══ Records for processing ══

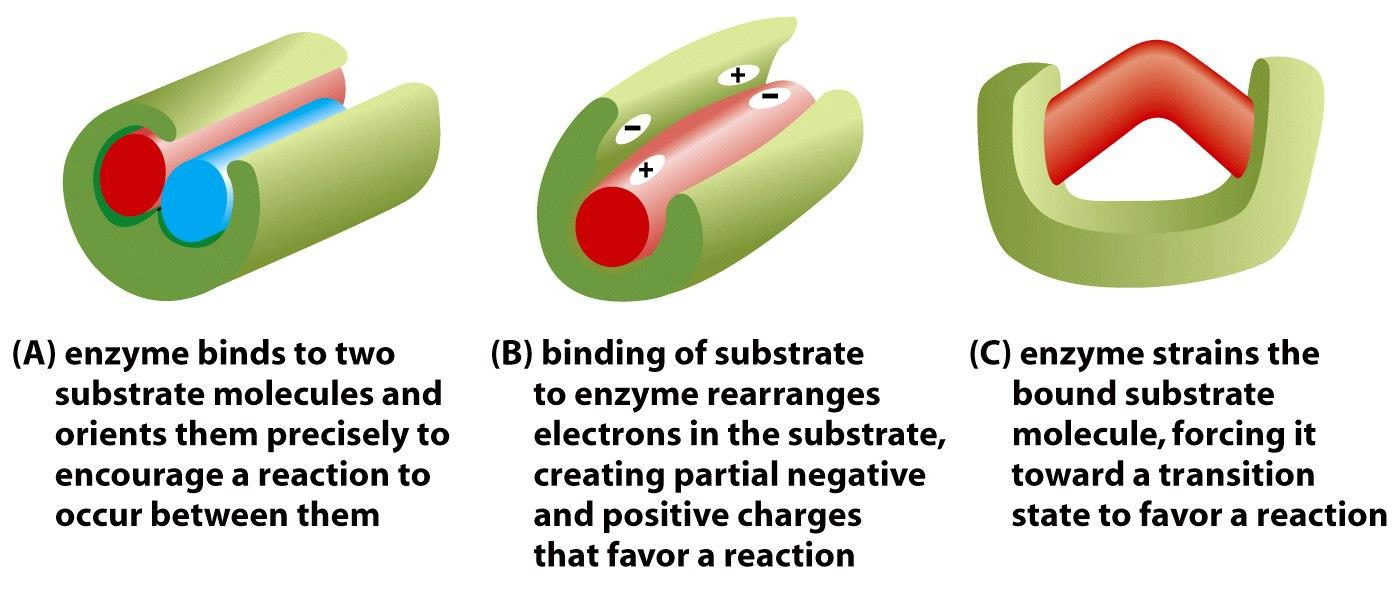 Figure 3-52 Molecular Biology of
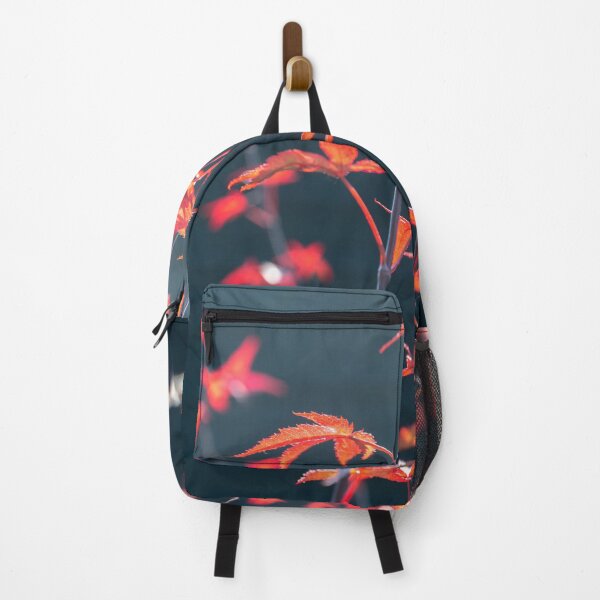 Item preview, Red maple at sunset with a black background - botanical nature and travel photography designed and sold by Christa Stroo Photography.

═══
══ Records for processing ══

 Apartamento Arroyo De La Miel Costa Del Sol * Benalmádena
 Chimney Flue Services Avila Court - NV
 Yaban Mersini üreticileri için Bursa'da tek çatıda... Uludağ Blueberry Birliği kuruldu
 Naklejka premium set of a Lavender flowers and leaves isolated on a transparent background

═══
══ Records for processing ══

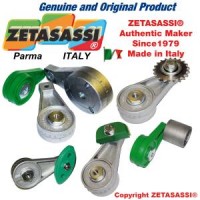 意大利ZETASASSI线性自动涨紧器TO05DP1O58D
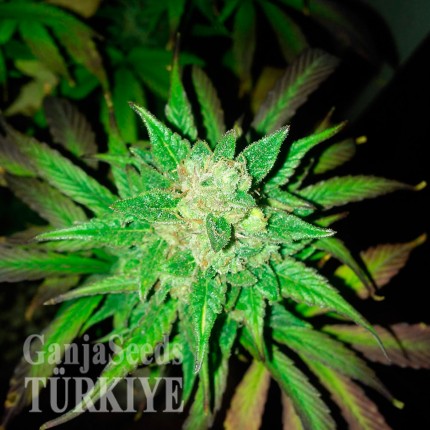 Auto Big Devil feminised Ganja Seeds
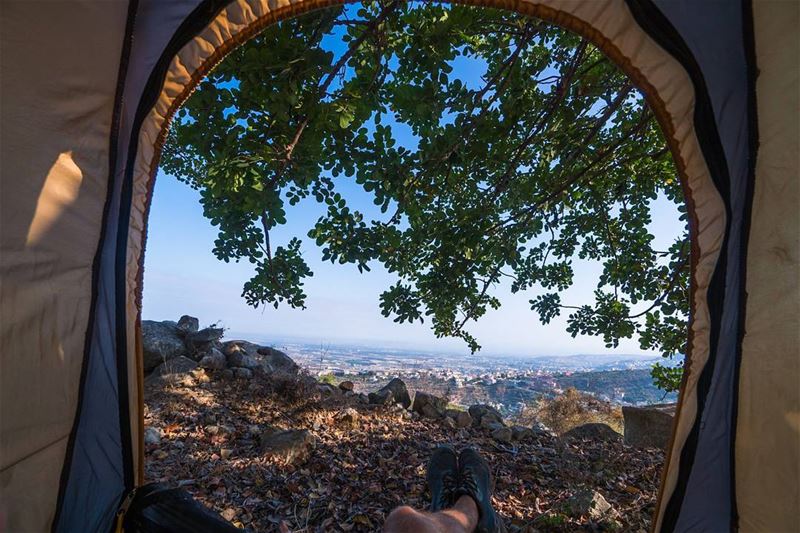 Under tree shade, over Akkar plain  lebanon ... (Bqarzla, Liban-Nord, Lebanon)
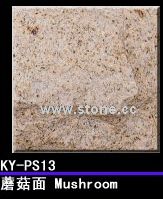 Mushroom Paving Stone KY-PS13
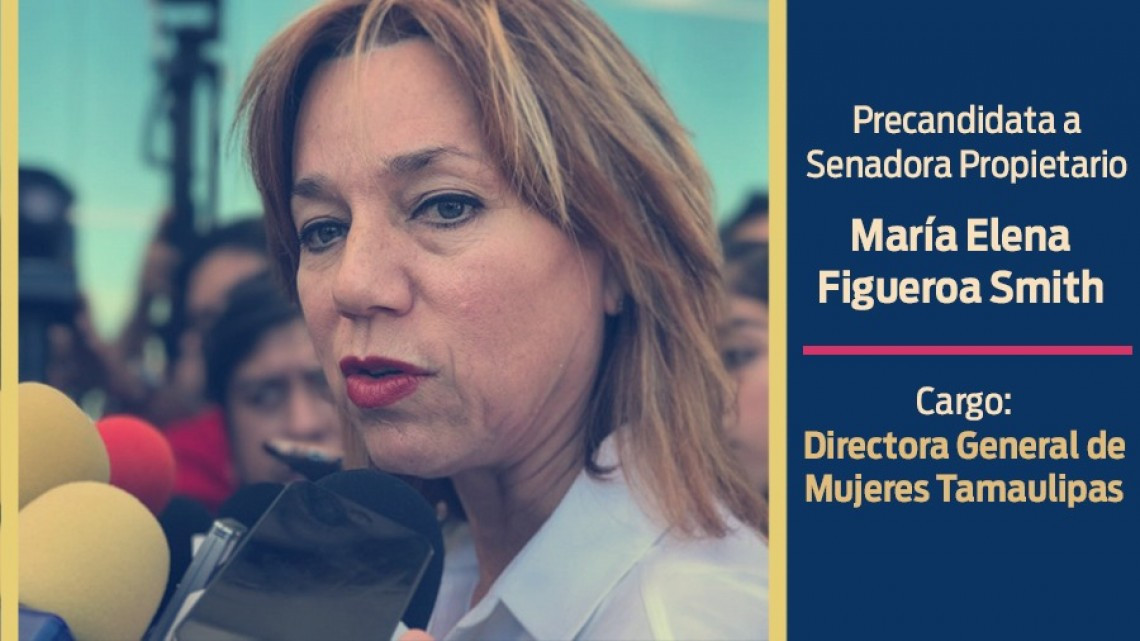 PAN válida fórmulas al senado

═══

What you return should be exactly the lines above, starting at the one with "Apartamento Arroyo De" and ending at the one with "Naklejka premium set", and nothing else.

 Apartamento Arroyo De La Miel Costa Del Sol * Benalmádena
 Chimney Flue Services Avila Court - NV
 Yaban Mersini üreticileri için Bursa'da tek çatıda... Uludağ Blueberry Birliği kuruldu
 Naklejka premium set of a Lavender flowers and leaves isolated on a transparent background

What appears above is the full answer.